I’m so glad my great aunt handed down the beautiful, vintage art deco water glasses that I love because my husband has discovered they are perfect for catching spiders.
me: you can’t take all that candy to school
son: then what do I do with it?
me: you leave it here
son: with you?
what if linguini from ratatouille was having sex and the girl pulled his hair and he started cooking spaghetti
Iceland has a population smaller than Tampa yet we let them sit there at the UN all smug. Always bragging about how they have cured their society of like IBS and it turns out the one guy who had it just moved away.
“The Sun is dying. We need help” the scientists are speechless. Cool Dad kicks in the door & removes his shades “It’s daylight savings time”
My son just handed me a note with 9 numbers on it and asked me to call his friend. I told him a phone number is 10 digits so this will not work.
Him: Ok, just add a 4 somewhere.
Felt like my car was going to blow over from this wind today. I feel bad for the smart cars that are probably stuck in trees.
I like to say “Have a great day” before the cashier has a chance to. Power move.
I thought that raisin on the floor was a bug and then I thought that’s gross, someone brought raisins in my house.
him: does this pillow feel lumpy
me: [sneaking a handful of shredded cheese out of the pillowcase] seems fine to me
Marriage is funny. I say potato and my husband says what’s with the credit card bill.
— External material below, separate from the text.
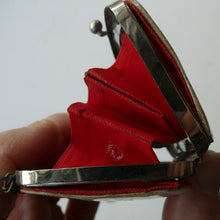 Load image into Gallery viewer, 1930s / 1940s EGYPTIAN Holiday Souvenir. from Alexandria. Mother of Pearl Coin Purse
Bout to have the best sleep of my life
Sorry I yelled, “Sweep the leg!” when you got down on one knee to propose to your girlfriend.
But I stand by my advice.
Unless there’s a picture of you getting attacked by a shark, I don’t want to see your vacation pictures.
[torturing terrorist]
[plays EDM]
[beat rises]
[beat keeps rising]
[beat rises endlessly]
Terrorist: MAKE IT DROP I’LL TELL U ANYTHING
CLASSIC ROCK DJ: What should I play?
ANGEL ON HIS SHOULDER: Wow, so many options! Decades of music and thousands of bands to choose from!
DEVIL ON HIS SHOULDER: What about the same 14 songs over and over again?
Scientist: The average person spends 6.9 hours a week on Twitter.
Me: You mean a day?
Scientist: What?
Me: What?
I hate my earbuds.
At the bank and the teller asked the guy in front of me “how are you doing” and he took a deep breath and said “not great my cat f****ng hates me”
So it’s my turn and I go “that was the weirdest thing I’ve heard waiting in line here” and the teller says “I’ve met his cat. She does hate him.”
What is happening?
Instead of meeting any new people I would much rather un-meet the ones I already know.
ME: *giggles* I wouldn’t say I have a ‘type’…
DOCTOR: Sir, you’re losing a lot of blood and we need to make this transfusion
Pregnancy is so weird. It’s, like, “Who’s that in my belly? It’s Brad. He’s going to drive a used Buick one day.”